Farm flowers are harvested Tuesday and Wednesday, we sort through our wholesale orders heading to the city for our florist friends, and I begin pulling buckets for our own weekend weddings. I also comb through the garden, looking for special ‘secret menu’ items - varieties of flowers that we are maybe testing out, and don’t have sufficient quantity to offer wholesale.
This year my favorites that we tried out and I only wished I had more were ‘creme brulee’ annual phlox (Phlox drummondii), 'Southern Charm’ verbascum, and ‘supercrest’ Celosia.
Rest assured, we will have no shortage of these charming beauties to share next year.
For a typical wedding, we begin designing on Thursday morning, first by assembling our ‘flower bar’ by color and texture, and snapping a photo because it’s always so beautiful. This is also where I take a quick sigh of relief, that the vision of the couple is being realized. I also can identify gaps in my color palette, or areas where we may need a little something-something, and one of us runs out to the garden to fetch some more stems.
A reasonable work day is important to me. We aim to start designing around 9AM, and cut off the work an hour before sunset, at the latest. I find I never create my best work when tired, I want to give my team the opportunity to take care of themselves and come back to the studio feeling refreshed and energized.

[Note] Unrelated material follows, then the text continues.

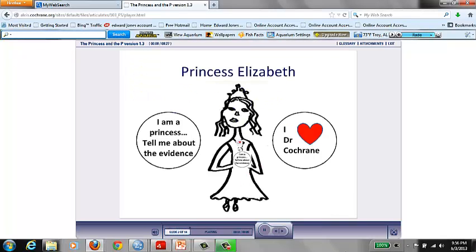Princess Elizabeth of Dementia was, as all proper princesses should be, pretty hard to please. She was also very good at maths.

Also, artificial light is the pits.
Our workspace, our way of doing things, is ever-evolving. Many a-lesson has been learned, and always The Hard Way. Next year, we will be taking our studio on the road for several events, and if I have gleaned anything from our home base, it’s to have plans, procedures, and methods. This is creative work, however our medium requires specific skill sets to keep our flowers fresh and beautiful, and our minds clear and focused.